Provided data START

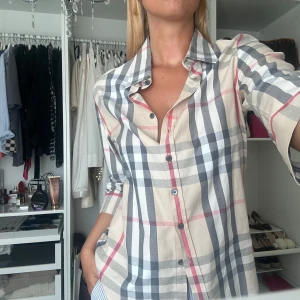 Beige rutig skjorta från Burberry - Säljer en klassisk beige skjorta från Burberry med ikoniskt rutigt mönster i svart, vitt och rött. Skjortan har lång ärm, knappar framtill och en avslappnad passform. Är i storlek L men passa alla från XS till M beroende på hur oversized man vill ha, endast använt ett fåtal gånger och är i mycket bra skick.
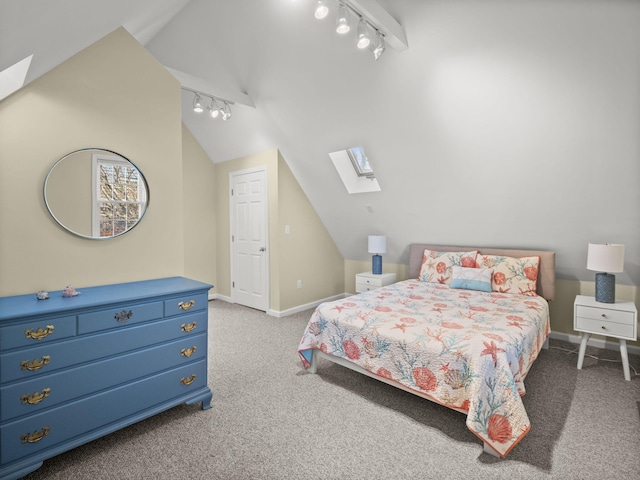 carpeted bedroom with track lighting and lofted ceiling with skylight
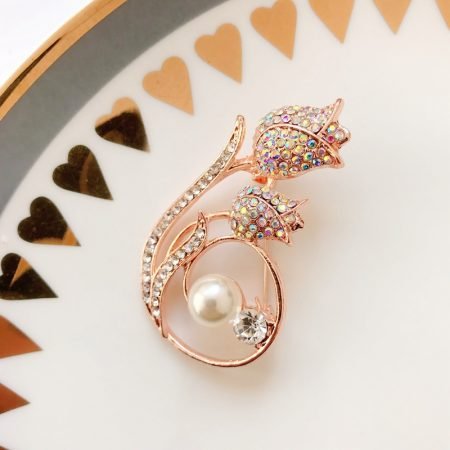 Ornamental brooches with pearl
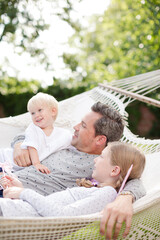 Obraz premium Father and children laying in hammock outdoors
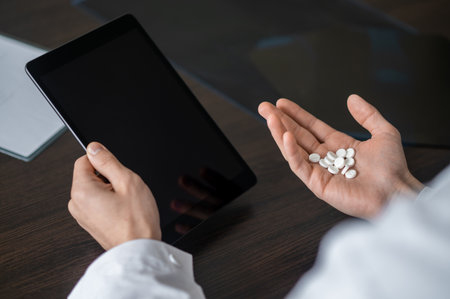 Close-up of hand holding pills and black tablet in clinicの写真素材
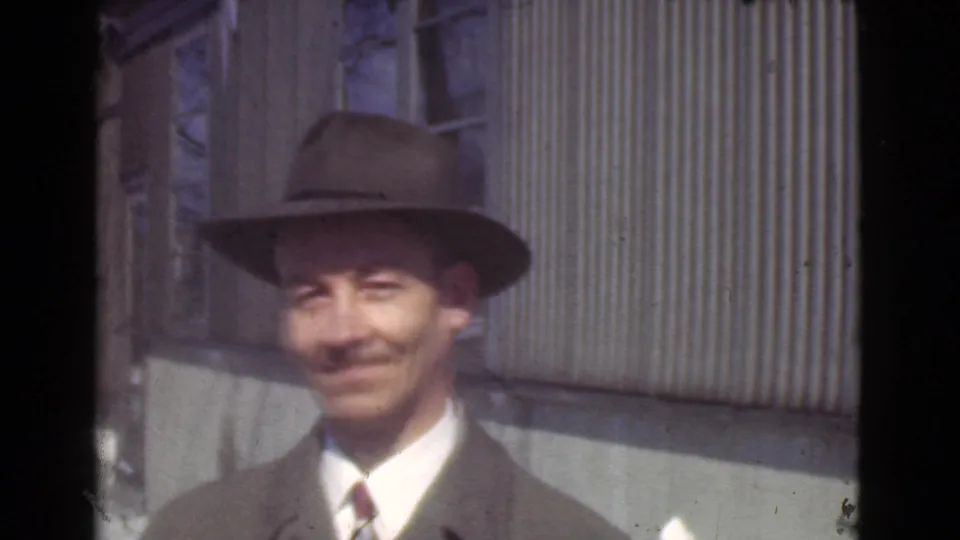 Adult man in 1939 Cleveland home-movie footage smiles toward the camera while wearing a fedora, suit, tie, and overcoat.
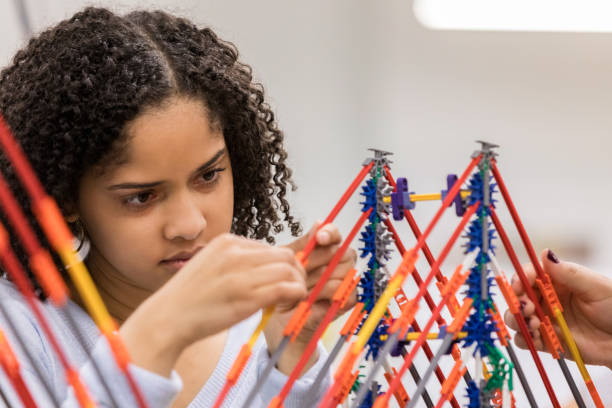 istock Teenage girl concentrates during engineering class 1092757650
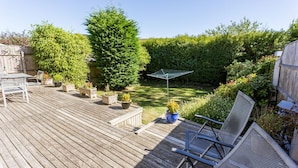 Une terrasse en bois avec une table et des chaises, entourée de plantes en pot et d’une haie.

Provided data END

[What is required] Above are records with pictures; repeat the records exactly and leave the pictures out.

[Task answer]
 Beige rutig skjorta från Burberry - Säljer en klassisk beige skjorta från Burberry med ikoniskt rutigt mönster i svart, vitt och rött. Skjortan har lång ärm, knappar framtill och en avslappnad passform. Är i storlek L men passa alla från XS till M beroende på hur oversized man vill ha, endast använt ett fåtal gånger och är i mycket bra skick.
 carpeted bedroom with track lighting and lofted ceiling with skylight
 Ornamental brooches with pearl
 Obraz premium Father and children laying in hammock outdoors
 Close-up of hand holding pills and black tablet in clinicの写真素材
 Adult man in 1939 Cleveland home-movie footage smiles toward the camera while wearing a fedora, suit, tie, and overcoat.
 istock Teenage girl concentrates during engineering class 1092757650
 Une terrasse en bois avec une table et des chaises, entourée de plantes en pot et d’une haie.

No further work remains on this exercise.